Let's take an example from a previously-asked question, where the given equations were:
$x + 2y + z – 1 = 0$
$2x + 3y – 2z + 2 = 0$
And the relevant part in the second-most voted answer goes as follows:
Next, we need to find a particular point on the line. We can try $y=0$
and solve the resulting system of linear
equations:$$\begin{align}x+z-1&=&0\\2x-2z+2&=&0\end{align}$$ giving
$x=0, z=1$
My question:
How does one know what is the correct point to choose, and how does one validates that the chosen point is correct?
Also, if the chosen point is wrong, how does one successfully guess the next point?
I've found another answer that seems to be very relevant, but I can't explain it:
Sometimes the line of intersection happens to be parallel to the z=0
plane. In that case you could try y=0 or x=0. (One of these is sure to
work.)
I'm a beginner, so that's a fundamental thing, probably trivial, I don't get: Why is that true?
Best Answer
There is not "the" correct point.
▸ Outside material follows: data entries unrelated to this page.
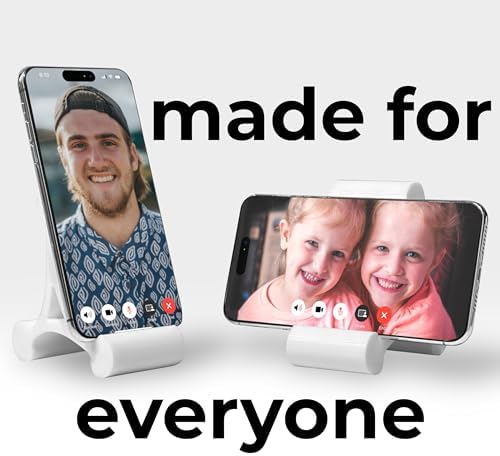 Skalene Phone Stand – 100% Silicone Rubber, Adjustable Phone Holder, Prop, Rest – Desk, Office, Home, Kitchen Accessory (Stealth Black) – Enhanced Compatibility and Speed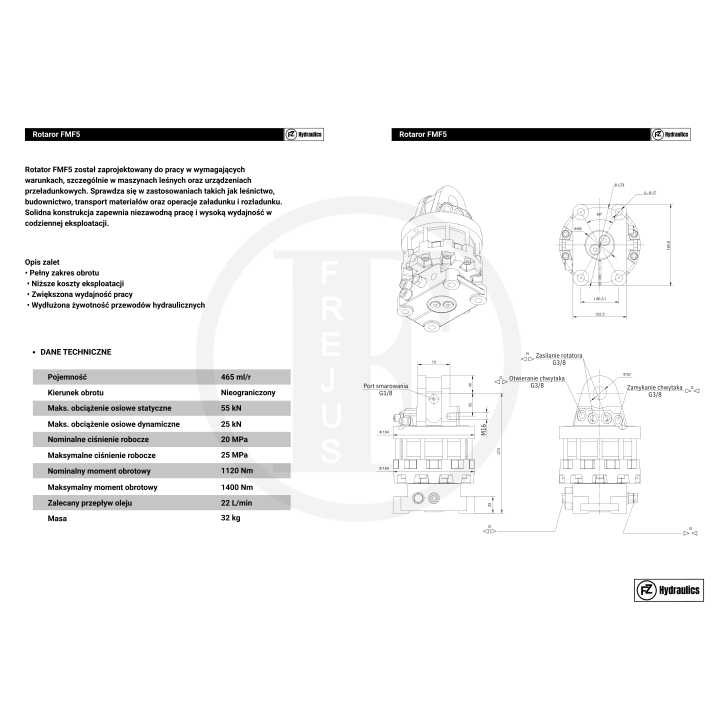 Rotator hydrauliczny FMF5 55kN - Zamiennik Baltrotors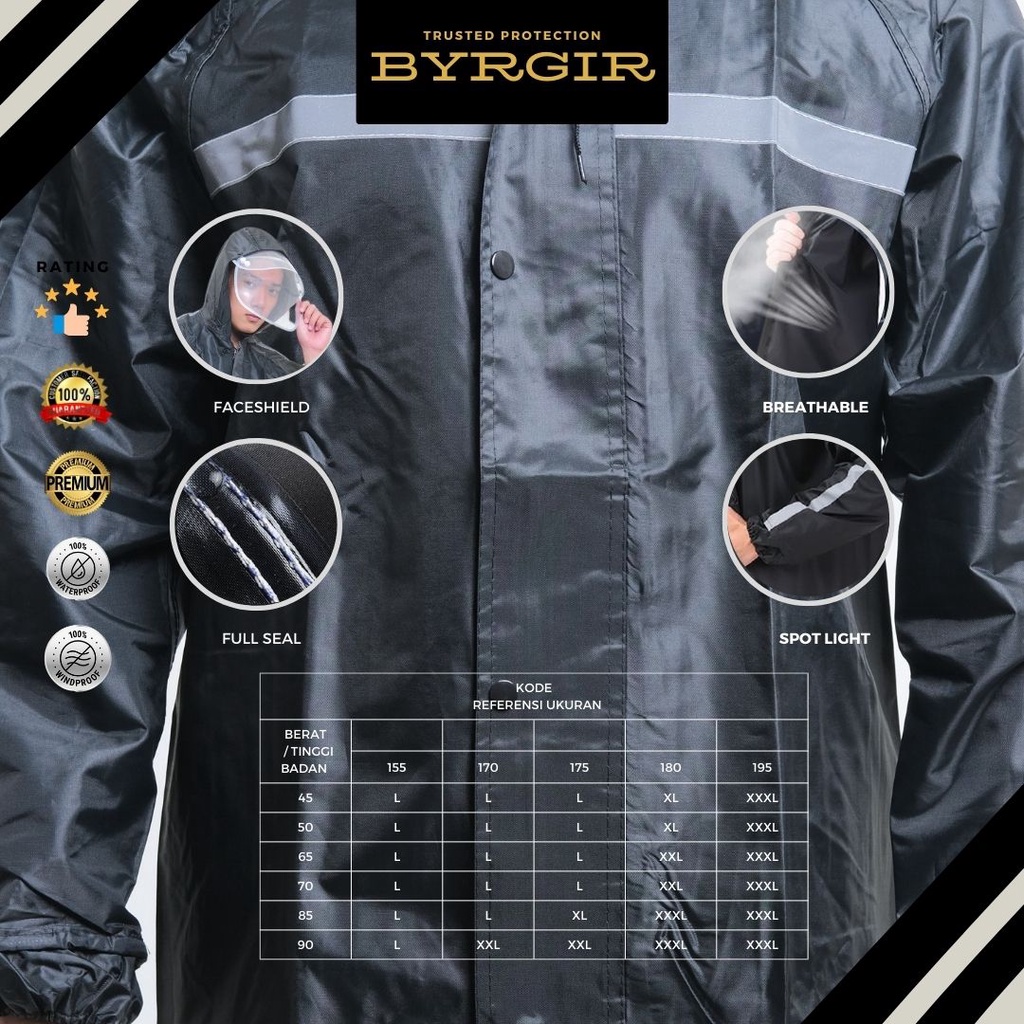 BYRGIR  Jas Hujan Setelan Premium Pria Wanita Tebal Anti Angin Rembes Raincoat Motorcycle Bike Bicycle Rain Jacket Jaket Rain Mantel Hujan Anti Lembab Gerah Penutup Wajah Faceshield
The goal is to find any specific point on the line.
The solver has chosen to set $y=0$ because that results in two equations in two unknowns ($x$ and $z$), which is an easy system to solve.
You could just as easily have picked any other value for any of the variables, but the numbers might have been not as easy to work with (that variable would become a constant, and you would have to move it to the other side in each equation, etc.)--so it's easier if you just make a variable vanish by setting it equal to zero.
The reason specifying a particular value (like $0$) for one of the variables usually works is that the "typical" line is not parallel to any of the axes, so it will contain points with any given value (the one you specify) for any one of the coordinates. But if you are unlucky and the line line is parallel to one of the axes, then there may be no point on the line with that particular coordinate value. In that case, you would find that the resulting system of 2 equations in 2 unknowns has no solution; then you would just do it over, picking a specific value for one of the other variables instead.